住宅タイプ別の構成比率は世帯タイプによって大きく異なる。1995年における住宅タイプ別の構成比率を世帯主別にみると、加齢とともに持家率が上昇し、40歳前後で50%以上となり、55歳前後で70%を超す。その後は漸増しおおむね75%程度に収束する。
5.
住宅需要(世帯数)の将来推計手法としては、まず世帯タイプ別の「世帯主年齢×住宅タイプマトリックス」をトレンド分析により推計し、さらに住宅需要に影響を及ぼすと考えられる主要世代の居住選択の意志を反映させるために、実現性のあるシナリオを複数設定して世帯タイプ別・世帯主年齢別・住宅タイプ別の世帯数を推計する方法を用いた。また、各シナリオの実現可能性の違いによるウェイト付けを行い、それらを重ね合わせることにより代表的な推計値を求めた。1995年から2010年までの15年間の潜在的住宅需要の増加量について、推計結果を示すと次のとおりである。
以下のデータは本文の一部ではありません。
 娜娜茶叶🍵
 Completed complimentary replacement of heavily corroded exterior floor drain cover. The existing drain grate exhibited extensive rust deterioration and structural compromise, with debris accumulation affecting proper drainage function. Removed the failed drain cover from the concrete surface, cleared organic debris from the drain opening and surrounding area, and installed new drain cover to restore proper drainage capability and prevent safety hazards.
・持家系が増加分の63%を占める(持家戸建122万世帯増、持家マンション58万世帯増)
・借家系では民営借家マンションの増加(76万世帯増)が中心となる
・公的借家も30万世帯と比較的増加が大きい
6.
団塊二世の賃貸志向と高齢者や団塊一世の加齢対応の動向によっては、今後の住宅需要は大きく変わる可能性がある。